§ Exercise:
Starting with the line that contains "V2HCF63DE4C5CE268CD48CFB3B78F79BB5BR5789284P3", give again exactly and only each line through the end of the records; include the last line and exclude pictures.

§ Records to process:
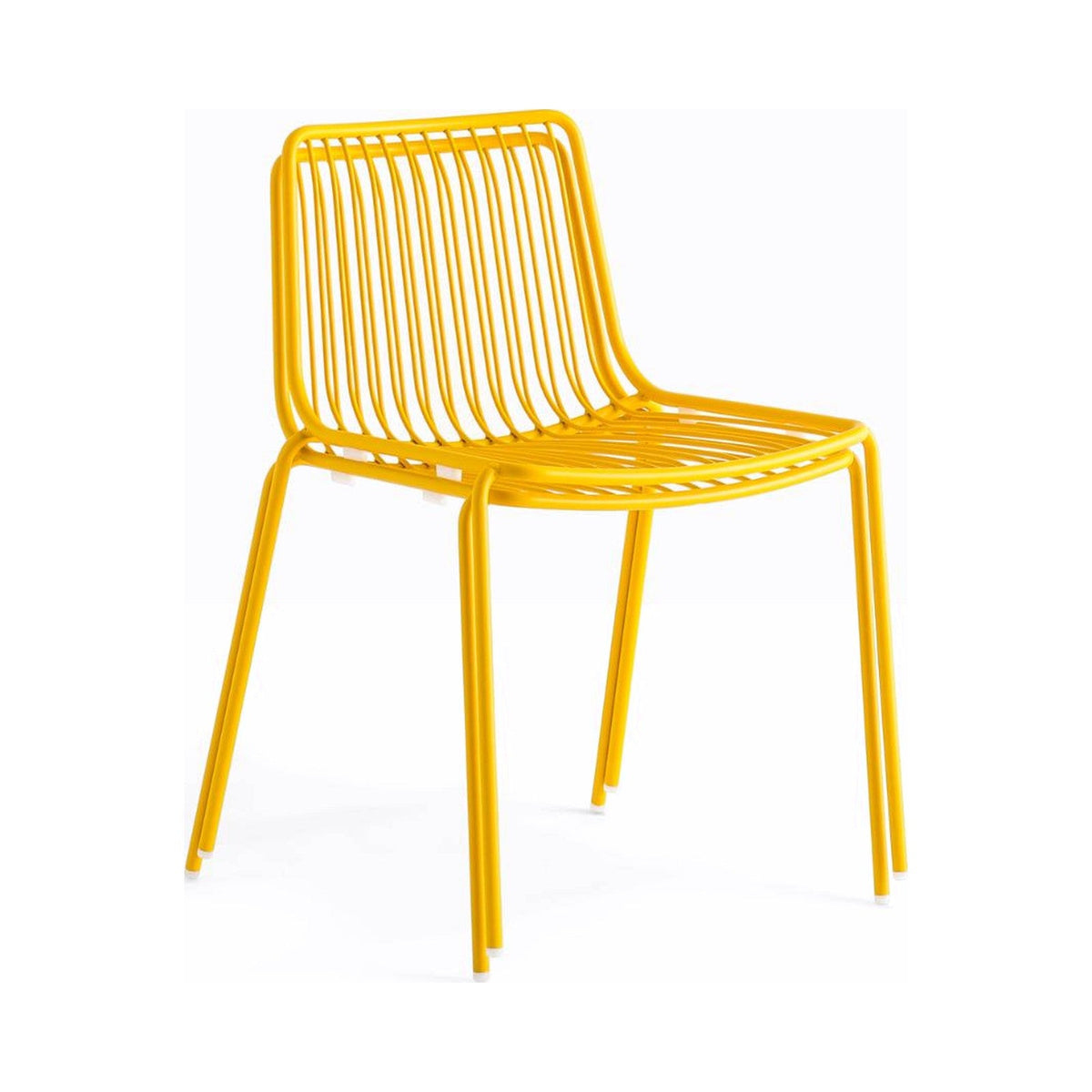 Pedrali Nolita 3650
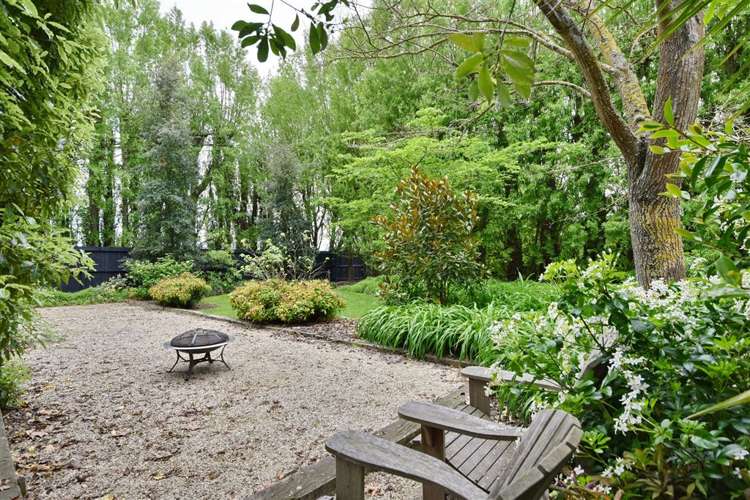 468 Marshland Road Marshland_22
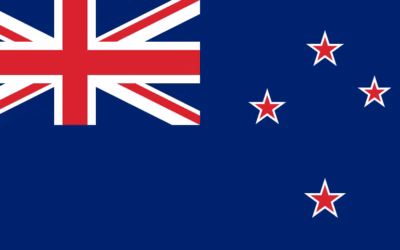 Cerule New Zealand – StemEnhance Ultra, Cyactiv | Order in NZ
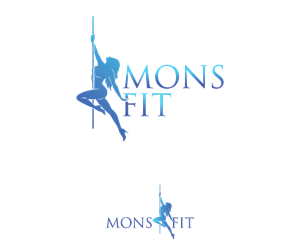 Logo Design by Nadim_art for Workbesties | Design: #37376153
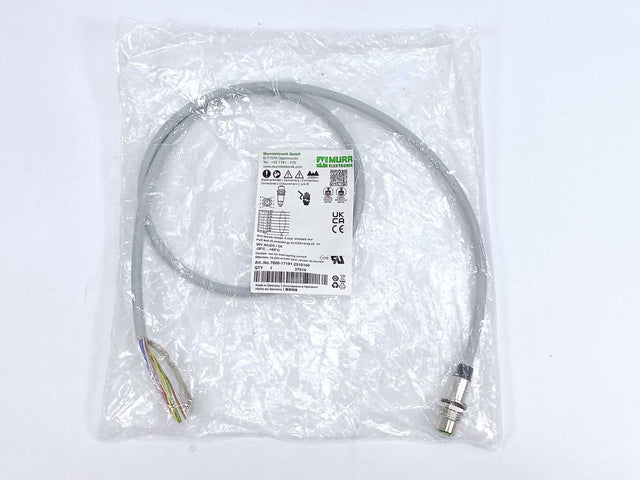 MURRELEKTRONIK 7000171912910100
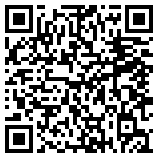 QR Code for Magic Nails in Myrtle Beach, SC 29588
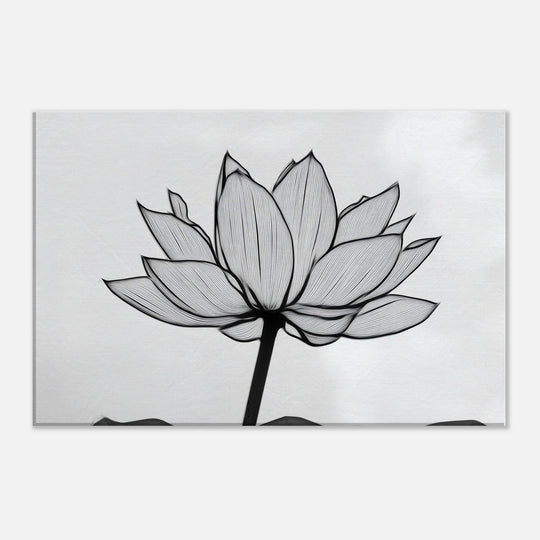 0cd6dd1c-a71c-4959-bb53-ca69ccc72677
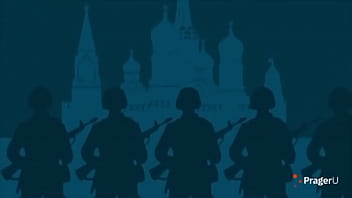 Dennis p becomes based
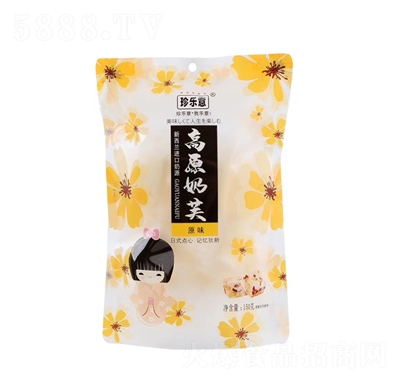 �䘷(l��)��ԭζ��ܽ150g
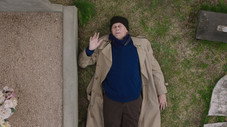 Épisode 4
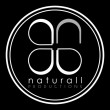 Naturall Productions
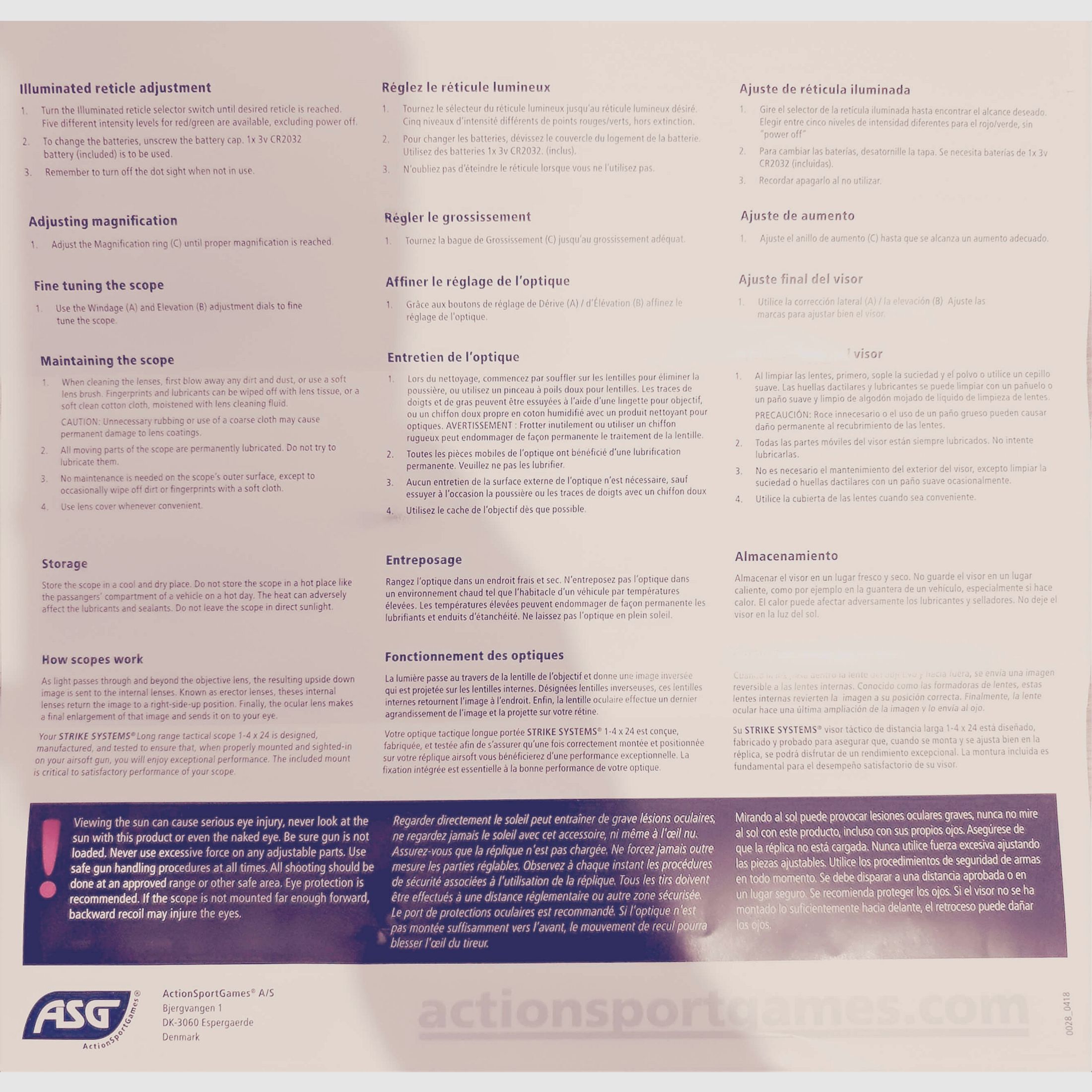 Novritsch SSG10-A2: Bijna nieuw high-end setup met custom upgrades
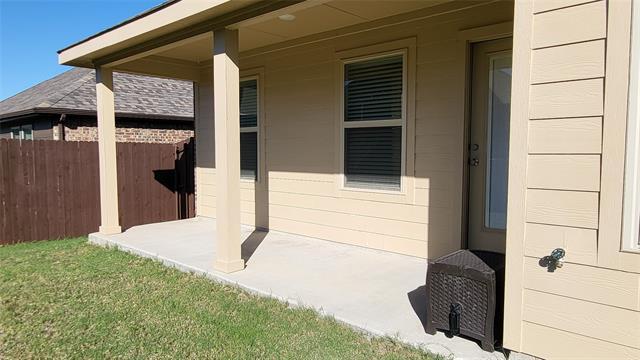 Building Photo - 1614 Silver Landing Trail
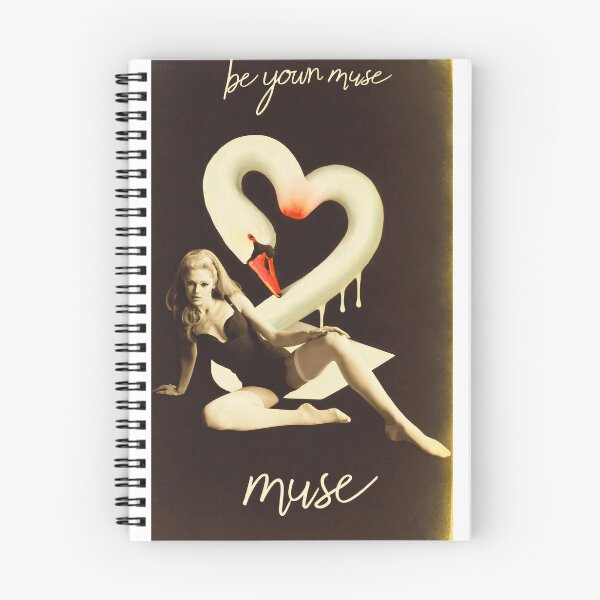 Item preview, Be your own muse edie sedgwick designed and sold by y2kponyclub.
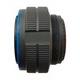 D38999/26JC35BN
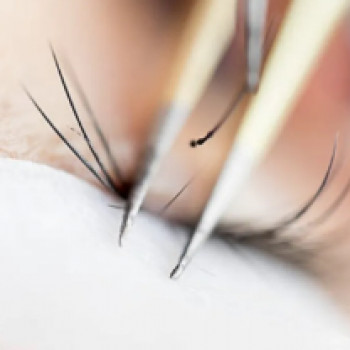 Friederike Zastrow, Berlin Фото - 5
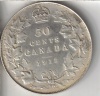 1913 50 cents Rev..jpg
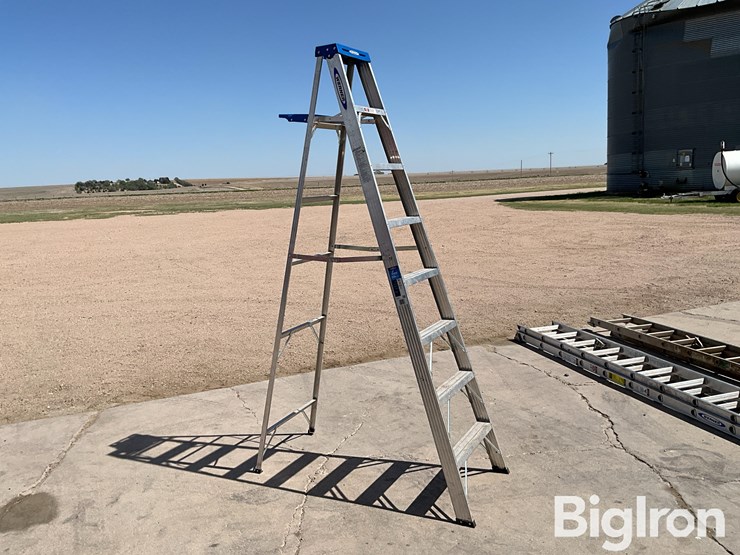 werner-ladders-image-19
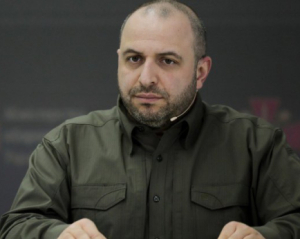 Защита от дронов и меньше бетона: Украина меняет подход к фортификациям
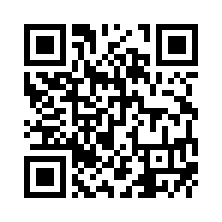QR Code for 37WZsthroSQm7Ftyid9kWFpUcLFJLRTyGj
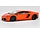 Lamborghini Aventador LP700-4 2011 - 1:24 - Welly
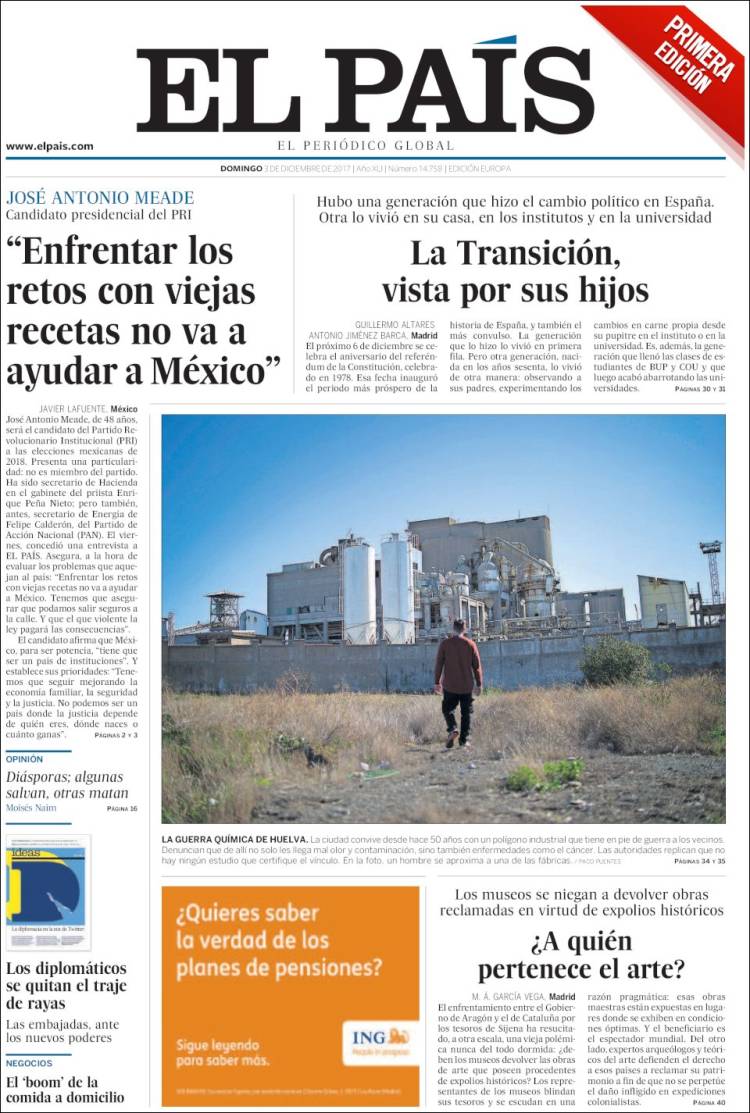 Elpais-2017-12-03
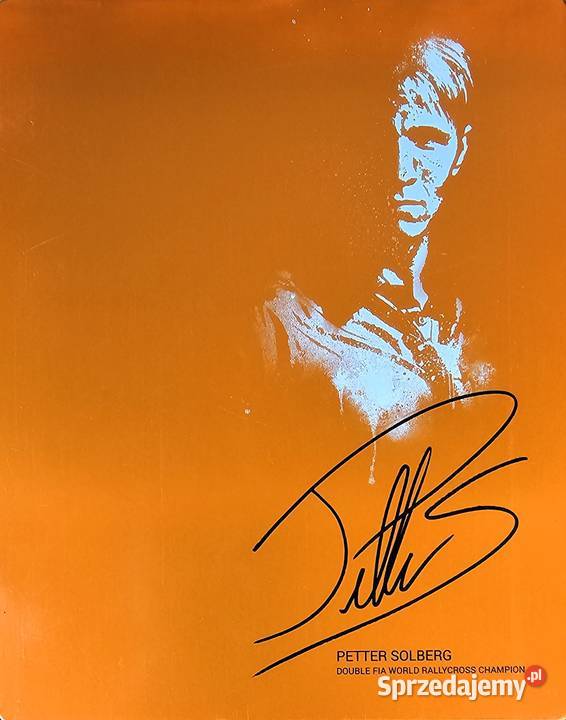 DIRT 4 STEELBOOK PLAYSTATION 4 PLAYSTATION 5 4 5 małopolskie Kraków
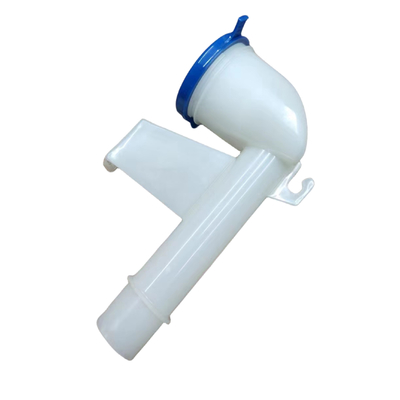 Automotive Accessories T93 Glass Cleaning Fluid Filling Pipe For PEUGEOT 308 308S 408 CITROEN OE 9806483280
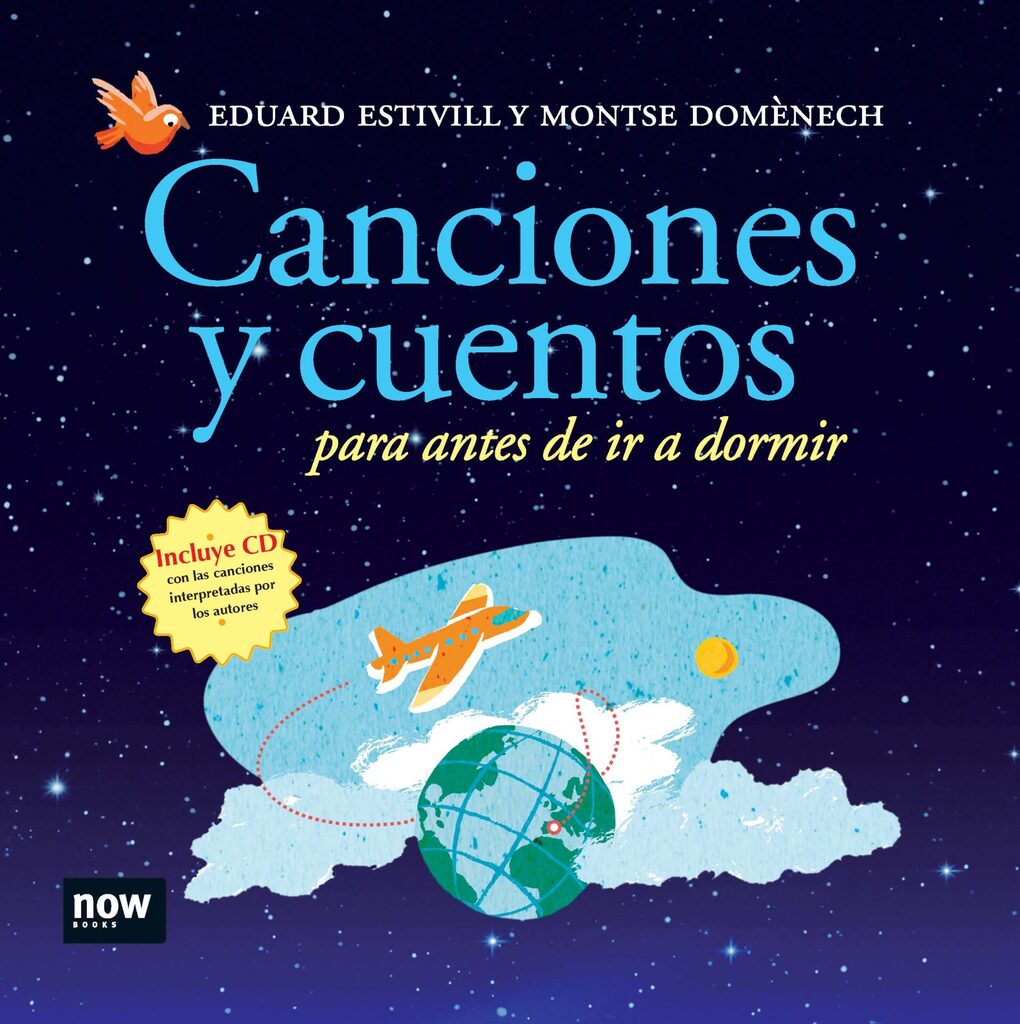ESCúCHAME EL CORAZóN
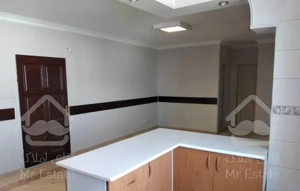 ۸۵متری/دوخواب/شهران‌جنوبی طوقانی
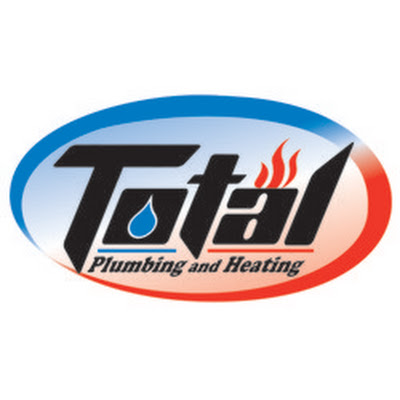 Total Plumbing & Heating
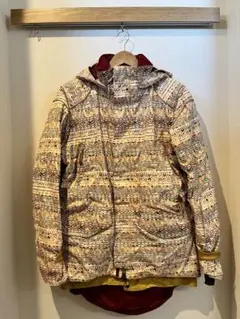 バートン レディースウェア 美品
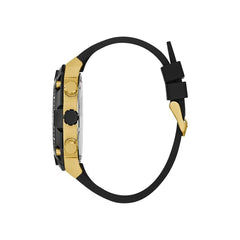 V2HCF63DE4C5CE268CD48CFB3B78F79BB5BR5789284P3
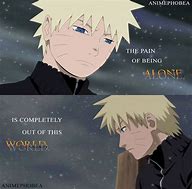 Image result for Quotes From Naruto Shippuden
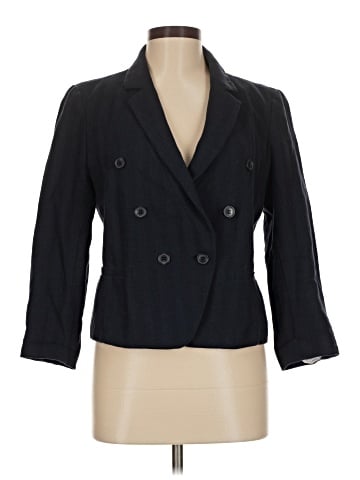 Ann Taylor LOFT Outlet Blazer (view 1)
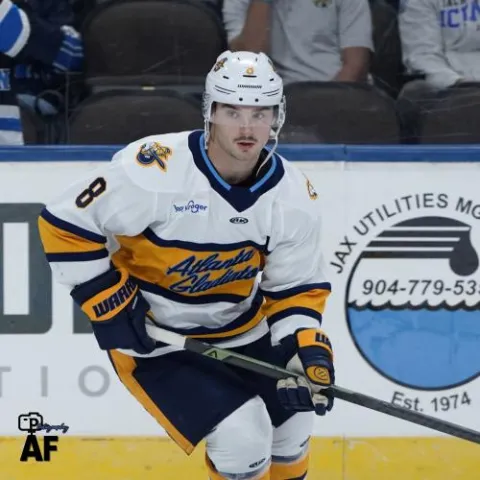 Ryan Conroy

§ Task solution:
 V2HCF63DE4C5CE268CD48CFB3B78F79BB5BR5789284P3
 Image result for Quotes From Naruto Shippuden
 Ann Taylor LOFT Outlet Blazer (view 1)
 Ryan Conroy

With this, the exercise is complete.